Das Rankgerüst, das eigentlich der Kletterrose vorbehalten sein sollte, ist achtungsgebietend in die verholzende Umarmung genommen worden. Die Stränge des roséblühenden immergrünen Geißblattes, der Lonicera henryi, könnten dem Warenlager der Verpackungsindustrie entnommen sein. Sie bieten fingerdünne oder bauarbeiterkräftige bis hin zu segeltaustarken Trieben.
Das zweite Geißblatt schlang sich um einen Efeu, der inzwischen auch schon zarte Baumstämme entwickelt hat.
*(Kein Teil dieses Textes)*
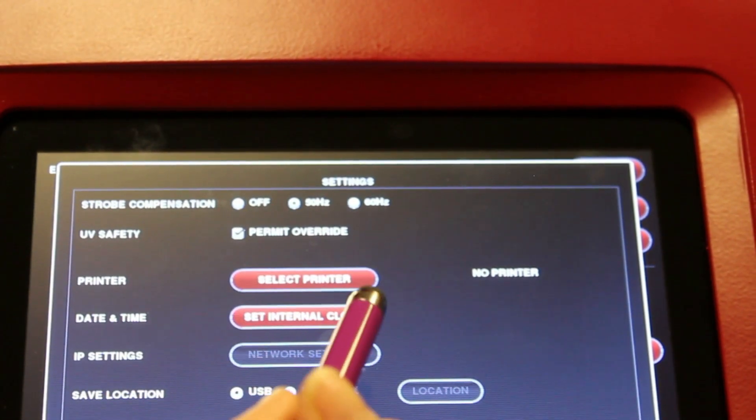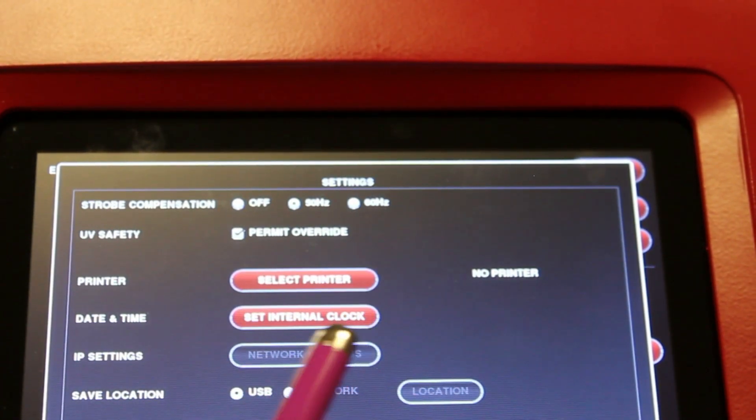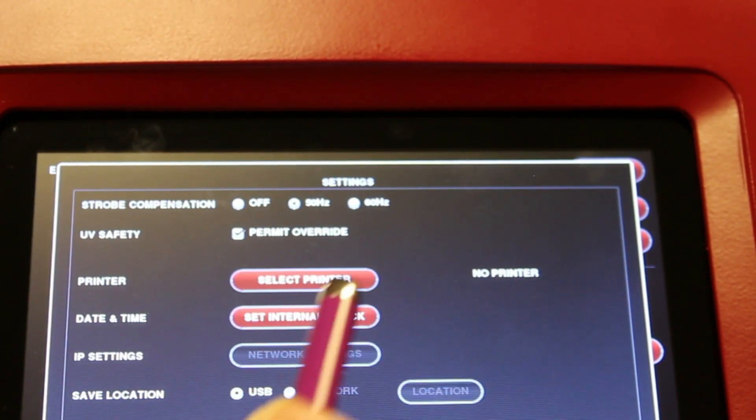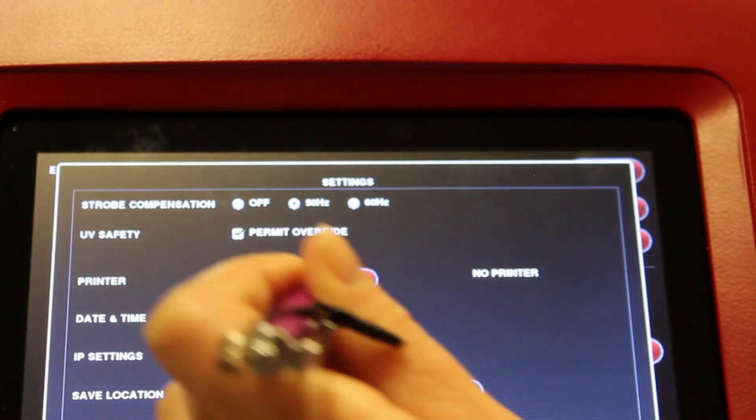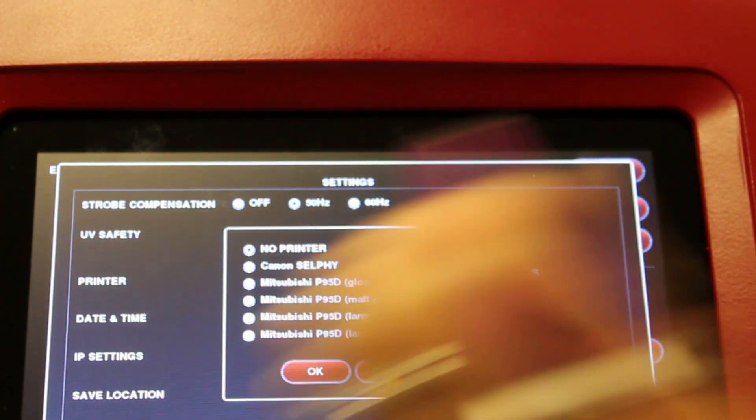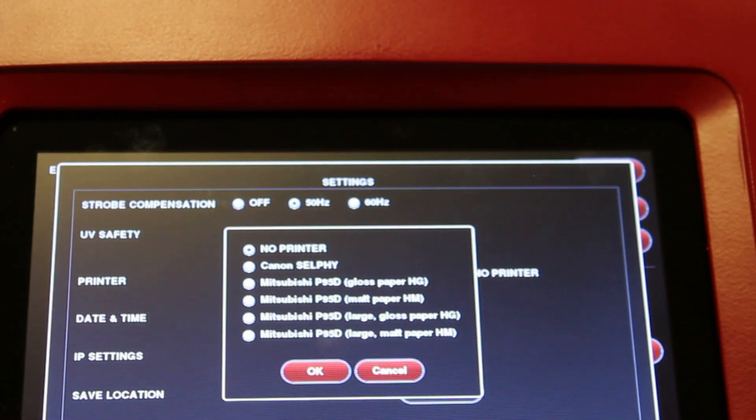You can purchase a thermal printer to go with your Neugenius system. If you have purchased a printer, you can select it from the list here. Press the select printer button and choose your printer from the list.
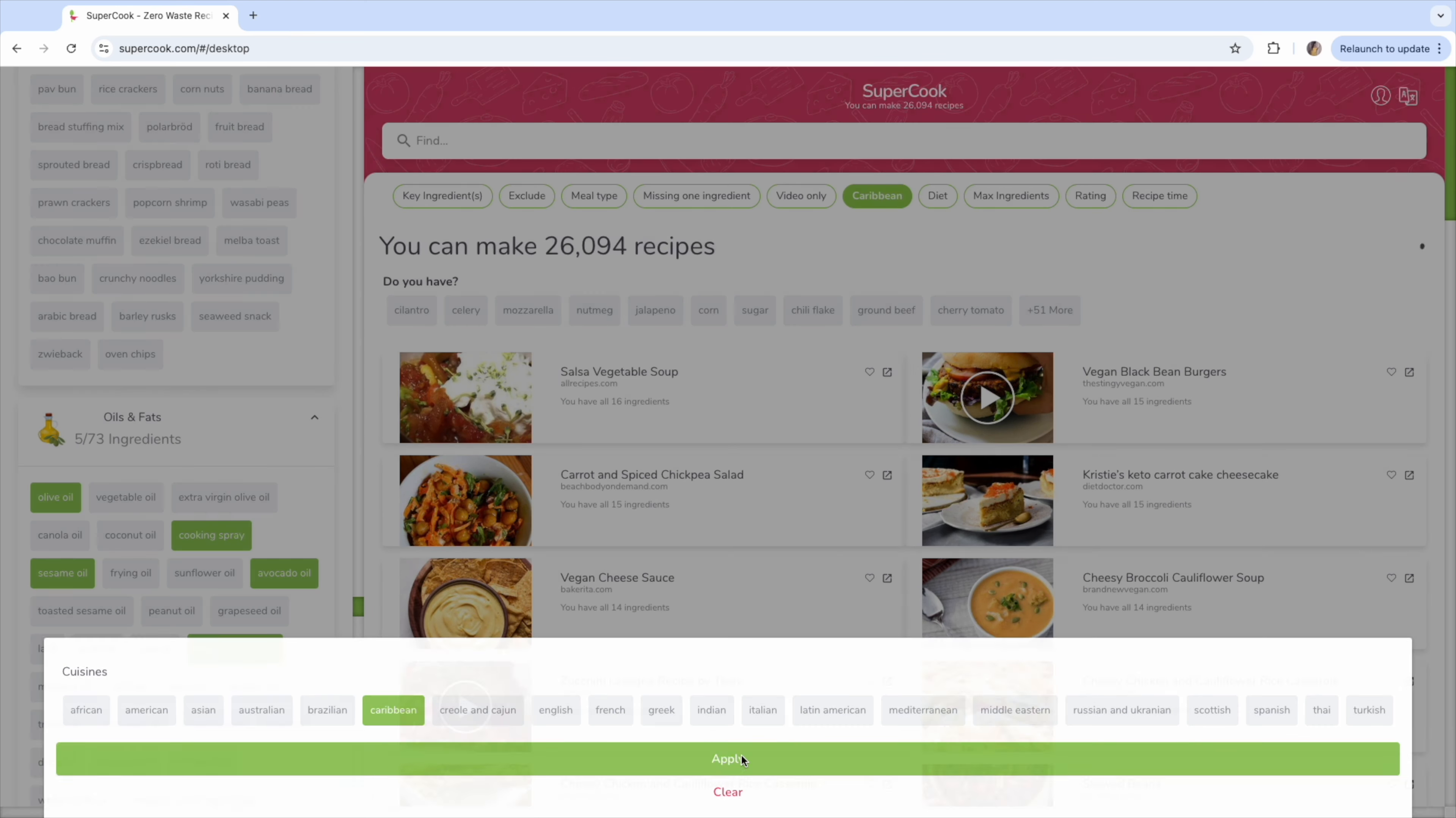But if you want even more practical homemaking tips, check out this video here. And if you need help making your own cleaning schedule, check out this video here. Thank you so much for watching. Until next time, to God be the glory. Bye!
Da es sommergrün ist, bildet es erst im Frühjahr ab März die lustigen blaugrünen Blattquirle um den Strang herum aus. Lonicera periclymenum hat auch im Sommer blaugrüne Blätter. Es blüht von Mai bis September/Oktober und verleitet mich, abends unter dem Blätterbaldachin zu verharren. Aufpassen muss ich dann, dass ich von den Fledermäusen nicht als Nachtfalter verwechselt werde.
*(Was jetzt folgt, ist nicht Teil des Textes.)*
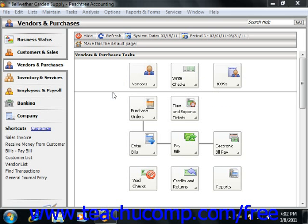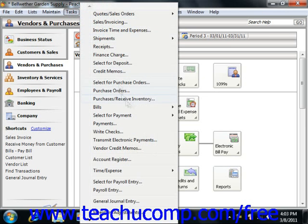The Purchases/Receive Inventory window is used to enter purchases from vendors and also enter inventory received from purchase orders you have placed. Just as in the Sales Invoicing screen, you have two tabs into which you can input information: the Apply to Purchase Order Number tab and the Apply to Purchases tab. To access the Purchases/Receive Inventory window, select Tasks from the menu bar and then choose the Purchases/Receive Inventory command.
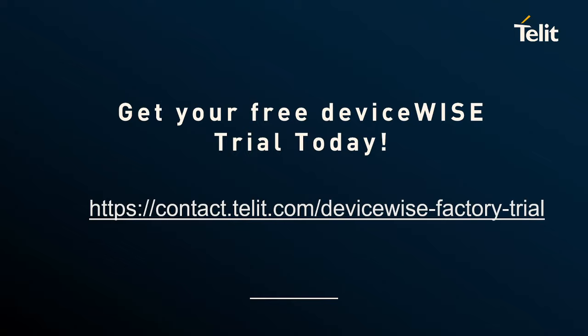I don't see any other question here on the chat. I invite you to go to this link, contact.telit.com/devicewise/factory/trial, and you can request one free trial of DeviceWise. You can install this free trial in any type of computer. It can be your laptop. It can be Windows.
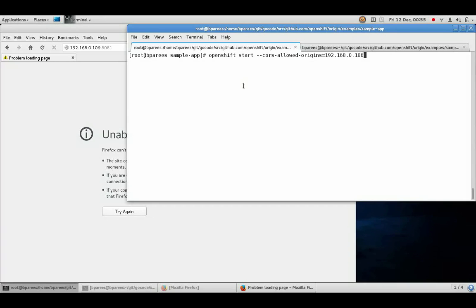My name is Ben Parise and I'm an engineer with OpenShift. Today I'm going to walk you through creating, building, and deploying an application on the OpenShift product.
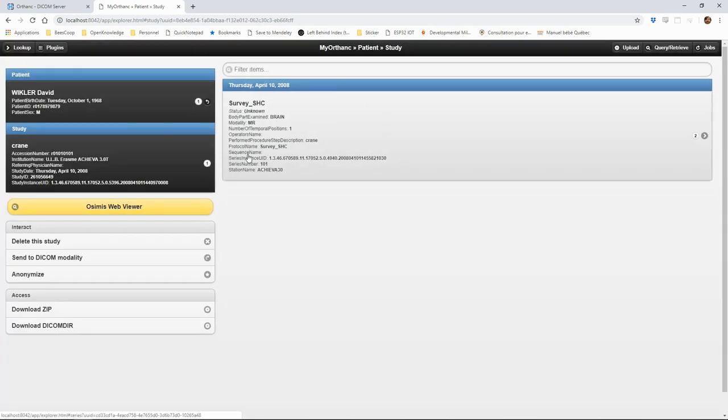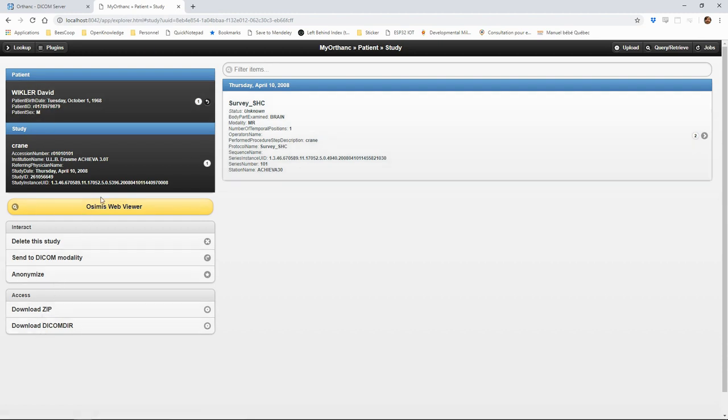In the study page, we have the list of series. We also have a link to a web viewer called OzyMIS which provides an interface for viewing the images.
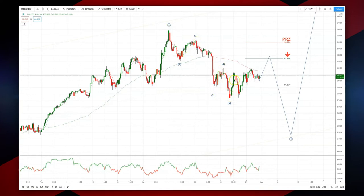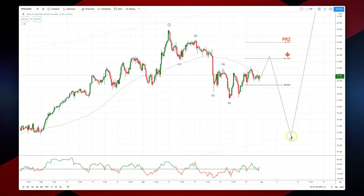A little bit of choppy price action here, but ultimately looking for a corrective pattern — an ABC pattern to develop and test into this 63 to 64 area. Expect another leg lower there to test down into the daily trend line from the March lows, and a wave four quality objective somewhere down between $51 and $52.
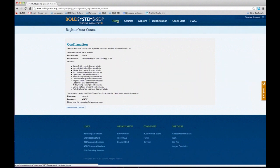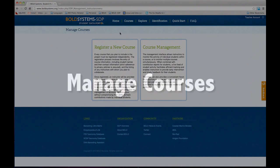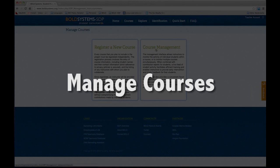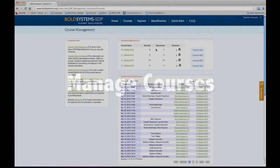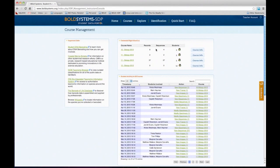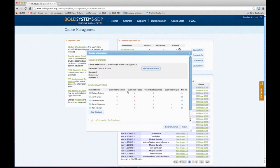Now that you have classes and students are providing data, you'll want to manage those courses. Here is the instructor console, which summarizes the information for all your courses. You can have multiple courses that you're managing — in this case I have four courses. I can click on Course Info and it gives me the number of students associated with that course, how many records the class has created, how many sequences, and I can add a co-instructor. You can add a co-instructor at any point — the only prerequisite is that person has to have a Bold instructor account as well.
Nach oben hin setzen sich beide keine Grenzen. Ich habe vom Mann zur Modulation der Triebe Drahtseile ziehen lassen. Das stört doch die Geißblätter nicht. Sie richten ihre steilen Triebe hoch auf gen Himmel. Daher auch der Volksname Jelängerjelieber. Will ich sie dann zwingen, die Drahtseile zu umschlingen, werden sie zum aggressiven Teenager und knicken einfach ab. Dumm gelaufen mit der richtungsweisenden Einordnung.
Und dabei hat das Geißblatt oder Jelängerjelieber oder Lonicera Symbolcharakter. Seit Jahrhunderten gilt diese Schlingpflanze als Symbol für die Untrennbarkeit eines Liebespaares. Sollte sich allerdings das Zusammenleben als Schlinge erweisen, und sollte einer der Liebenden Atemnot haben, liegt das wiederum nicht am Geißblatt, sondern an dem oder der Liebsten.
So ganz ohne ist das sowieso nicht mit der immerwährenden Liebe. Spätestens, wenn der Nachbar sich belästigt fühlt, mutiert die Liebe zur Geißel. Was ist die Alternative? Schon im Frühjahr muss ich Hand anlegen. Ich muss die ungewollten Triebe entfernen, die übereifrigen auch. Teilweise leite ich sie an den Drahtseilen in die Waagerechte. Wir sollen dafür sorgen, dass sie regelmäßig ausgeputzt wird, damit die unteren kahlen Triebe wieder so grün sind, wie sie es oben rum sind. Soso, das hatte ich überhört oder überlesen. Ich muss also wieder einmal meine Scherenhände gegen die beginnende Verkahlung der Schlingen einsetzen, und das mit akrobatischem Geschick auf der obersten Sprosse der Leiter nach den sich wegwindenden Trieben hangelnd. Denn inzwischen wird der unattraktive blattlose Pflanzenansatz bis gleich einen Meter hoch sichtbar. Der Rückschnitt einzelner Triebe soll VOR dem Austrieb erfolgen, wobei die Triebe sogar bis auf einen halben Meter gekürzt werden können.
Die Blüten bilden kuriose Blütenquirle. Rund 10 bis 15 schlanke langgezogene Einzelblüten haben eine karmesinrote oder leicht orangefarbene Blütenaußenschale. Vor der Öffnung wirken sie wie zehnfingrige Handschalen, die Sonnenbälle auffangen wollen. Beim Öffnen schieben sich die Staubfäden heraus, die von abgerundeten Einbuchtungen geschützt werden und sich einmal oben und einmal unten wie eine Zunge aufsperren. Im Spätsommer dann folgen die blauschwarzen Früchte, die für die Vögel Beerennahrung sind.
Die bisherigen milden Winter haben die Pflanzen unbeschadet und unbeschützt überstanden. Während des zwischenzeitlichen Frostwinters hatte ich Laub auf den Pflanzenfuß gelegt. Bei extremen Frösten um die minus 10 Grad schützt sich die Pflanze selbst und rollt ihre Blätter ein. Sie hat es sich beim Rhododendron abgeschaut. Man weiß ja nicht, wie diese Immergrünen kommunizieren. Vielleicht senden sie sich unterirdische Impulse als Warnsignal zu oder lassen den Eichelhäher Signale verkrächzen.
Gibt es glücklicherweise Schnee, oder auch viel Regen, bleibt das immergrüne Laub immanent. Das Pendel an der Lebensuhr ist die Länge der Trockenzeiten. Ist es zu trocken, welken die Blätter, vertrocknen sogar und fallen schließlich ab. Immergrüne sind angewiesen auf uns, auf Regen, auf Versorgung mit Nässe, da sie weiter assimilieren. Die mitteleuropäischen Urpflanzen sind da schlauer. Sie werfen im Herbst ihren Ballast ab.